Thinking of “One Of A Kind (Love Affair)” makes me wonder if any AT40 listener ever asked Casey which artist used the most number of parentheses in their song titles.
I was 9 years old and “Miracles” completely captivated my young ears. A year later, “For Your Love” had the same effect. Marty B. knew what he was doing.
Does anyone around in 1975 remember how stations dealt with the “bitch” line in “Bad Blood”? Did they edit it or just hope anyone didn’t notice? And did any stations play the flip side of the record, which happened with a few stations that objected to Elton’s “The Bitch is Back”?

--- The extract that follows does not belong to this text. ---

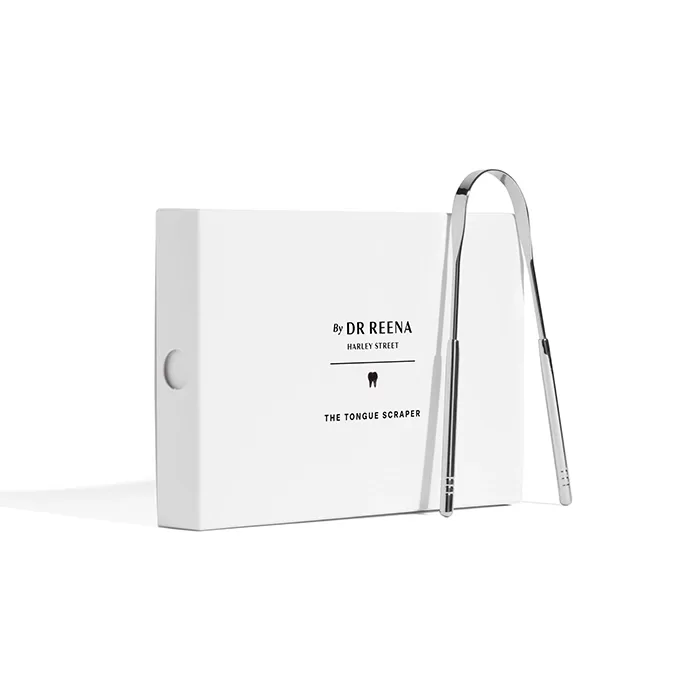 A sleek, curved metal tongue scraper leans against a white box labeled Dr Reena Harley Street. The minimalist packaging has a clean and modern design with a subtle tooth image.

Elton was a much bigger star in 1974-75 than Neil, and MCA’s promotional strategies reflected that. Consequently, “The Bitch Is Back”‘s non-LP B-side, “Cold Highway,” was included on both the promo copies sent to radio stations and the commercial (stock) 45s. Since editing out every “bitch” would’ve been impractical as hel… heck, the option of giving radio a new, non-album Elton song at least made for a viable airplay alternative, if not an actual airplay hit. The guy was red-hot at the time. Several other Elton non-LP “B”s made it onto the promos as well.
Although the “bitch” factor was much less problematical on the Sedaka record, MCA/Rocket did not (or perhaps, contractually could not) provide an alternative for stations objecting to the word. There was no B-side airplay option, since both sides of the promo 45 featured “Bad Blood” in stereo (neither the label nor top-40 radio would have had the slightest bit of interest in promoting “Your Favorite Entertainer.”)
Balking stations either had to create an in-house edit or ignore the record entirely, and because it was a huge smash, which prominently featured that red-hot Elton guy, few stations were willing to hand their competition what would amount to a market exclusive. Had “The Bitch Is Back” not paved the way earlier by lessening audience objection to the word, “Bad Blood” might have been a much tougher sell.
Let this be your occasional reminder that Yah Shure is The Man, and has been making all of us smarter for a good long while. Thank you sir.